Como gran parte de los buenos cocineros, Jordi Vilà es un hombre hecho a sí mismo. En su trabajo pesa mucho más la aportación personal que la experiencia adquirida, pese a que antes de independizarse pasó por los fogones de Jean Louis Neichel y de Jean Luc Figueras, entre otros. Y de que bastante antes de todo eso empezó a trabajar –a los 15 años- en la pastelería Baixas.
Se estableció por su cuenta a los 25 años. Y en Alkimia, a los 29. Abierto en el 2002, fue premiado tres años más tarde con una estrella Michelin. Y ahí se mantiene. Estos tiempos tan difíciles son una amenaza para la alta restauración. Por eso, la generación de Vilà, que creció y triunfó en la época de la eclosión gastronómica, está sometida a mucha presión.
Mantener precios y calidad es una asignatura difícil. Lo vemos en otros locales comparables, como Coure o Hisop, mientras sobrevuela el goteo de noticias sobre el cierre de restaurantes del postín.
Vilà es uno de los más activos cocineros de su edad. Alkimia es su casa, pero diversifica tiempo y talento en la dirección culinaria de otros lugares en Barcelona, como la Moritz, el Velódromo y el Saltimboca. Huye de los focos, pero en su caso es un objetivo difícil.
Los mejunjes
Pese a que el nombre elegido para este pequeño restaurante del Eixample puede sugerir cocina muy tecnificada y apoyada en las sustancias bullinianas que han permitido la extraordinaria evolución de texturas y sabores de la cocina tecnoemocional española, Vilà casi presume de lo contrario. Tiene mucho interés en alejarse de tendencias y de contratendencias. Lo único que reivindica es que siempre ha ido por su cuenta, a su bola. A pesar de sus esfuerzos, el paralelismo y las coincidencias con los cocineros coetáneos es de una evidencia meridiana.

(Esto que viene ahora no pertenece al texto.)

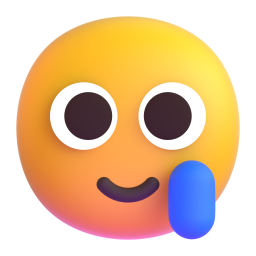 smiling face with tear - Microsoft Fluent UI 3D Style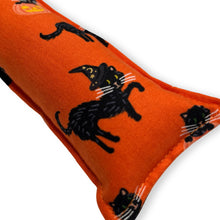 Load image into Gallery viewer, Rattle Catnip Kicker Toy - Black Halloween Cats on Orange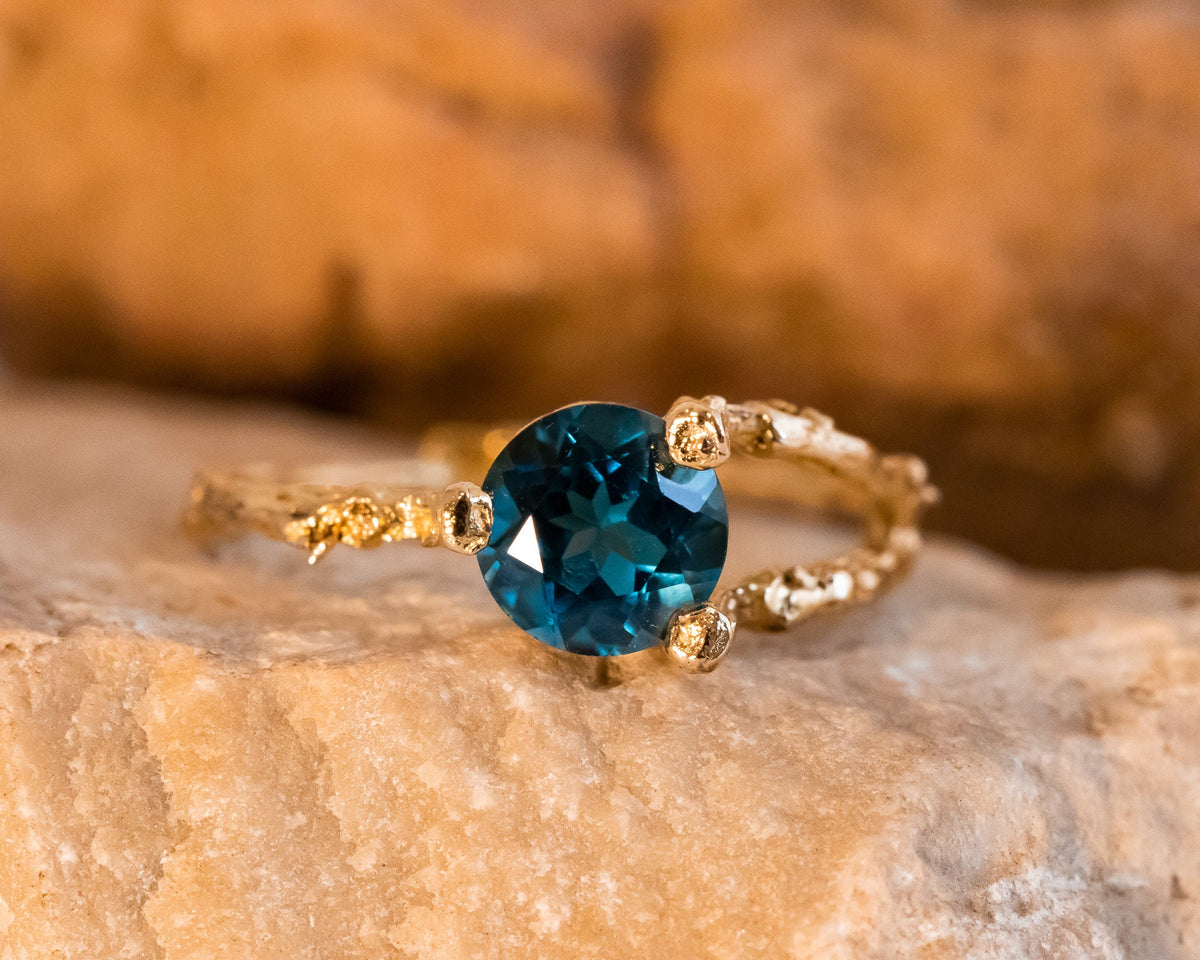Nature Inspired Engagement Ring, 14k Gold Topaz Ring, London Blue Topaz Ring, Nature Lover Gift, Organic Ring for Women, Twig Gold Ring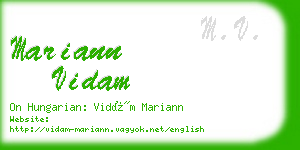 mariann vidam business card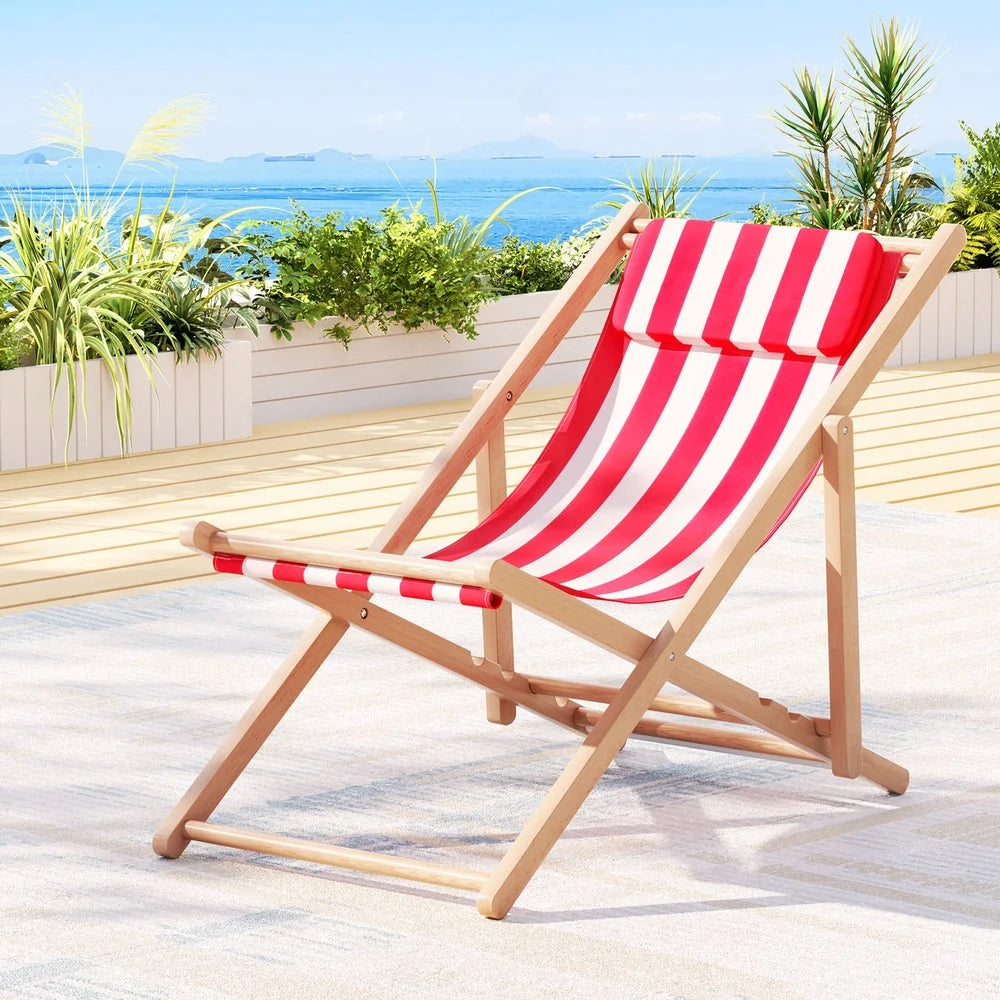 Outdoor Furniture Sun Lounge Wooden Beach Chairs Deck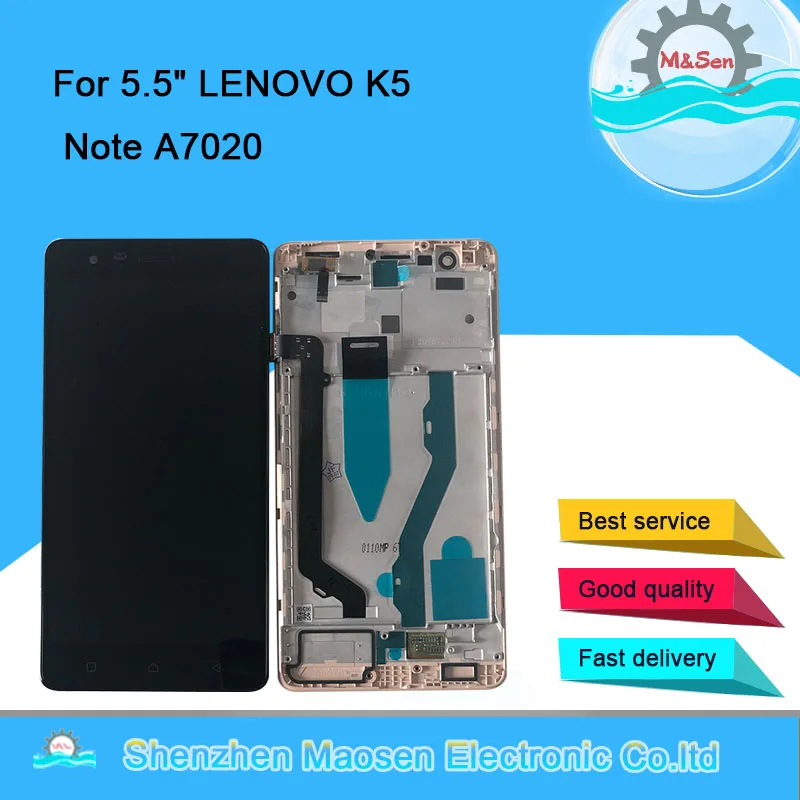 

Original M&Sen For 5.5" LENOVO K5 Note A7020 LCD Display Screen+Touch Panel Digitizer Frame For Lenovo A7020a48 K52t38 k52e78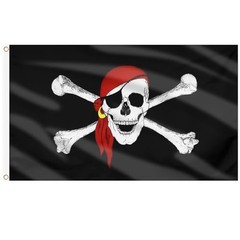 Pirate Flag for Outside 3×5 Ft, Large Jolly Roger Flag for 1 Pc Red-Scarf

Una de las características de su cocina es la preferencia por los productos del mar, no como estrellas por si mismas de sus platos, sino como la base sobre la que elaborar. Espardeñas (con careta de cerdo), erizos (con clara de huevo), pulpitos (con calçots o con guisantes), ostras (en escabeche, una de sus salsas preferidas).
Lo visité un viernes al mediodía, con casi todas las mesas ocupadas por nacionales. No había turistas, que son bastante habituales porque figura lógicamente en las guías de nivel. El local es de tamaño reducido, casi diáfano, en tonos claros; con cierta austeridad, parecido al Hisop, pero menos espartano. Elegancia contenida.
Tres ofertas
Ofrece un menú degustación –Alkimia-, una reducida y selecta carta, y el menú de mediodía. Nos decantamos por el último, a 38,5 euros, sin vino ni café. Al final pagué 60. No tiene cerveza de barril, así que me conformé con una mediana Epidor. Y para acompañar la comida un blanco Ekam, estupendo como siempre, a 33, frente a los 19 de la bodega; no llega al doble.
Tiene una buena carta de vinos, que empieza con cavas y champagnes, que quizá no responde a lo que alguien puede buscar en una estrellado Michelin, pero está muy bien. También dispone de una muy sugerente relación de licores.
El menú consiste en dos aperitivos, tres platos a elegir entre dos opciones y un postre. Antes de empezar sirvieron un agradable crujiente hecho a base de macadamias y al finalizar unos petit fours de bizcocho de café con almendras ligerísimo y una bola chupa-chups de chocolate blanco con fruta de la pasión.
Deconstrucción
Los aperitivos fueron una deconstrucción del pa amb tomaquet y longaniza, muy agradable aunque con algo de aceite, y el erizo horneado con una energética clara de huevo. Caballa en escabeche con miso y mostaza, y vermut en lugar de vino en la elaboración del encurtido, bueno según mi acompañante. Yo me incliné por las alcachofas con rócula y jamón.
De segundo, coincidimos en los pulpitos con calçots y salsa de anchoa, originales y sabrosos; la plancha había subrayado su personalidad. En el tercero también convenimos en la lubina –muy en su punto- sobre una salsa de naranja y legumbres. El segundo y el tercero, lo mejor de la comida.
El postre consistió en pera escalibada con queso y sorbete de leche de oveja con coco; y yogur con frutos rojos. El café, El Magnífico, muy bueno, aunque para mi gusto se le notaba el viaje desde la cafetera hasta la mesa. Ese día hacía mucho frío.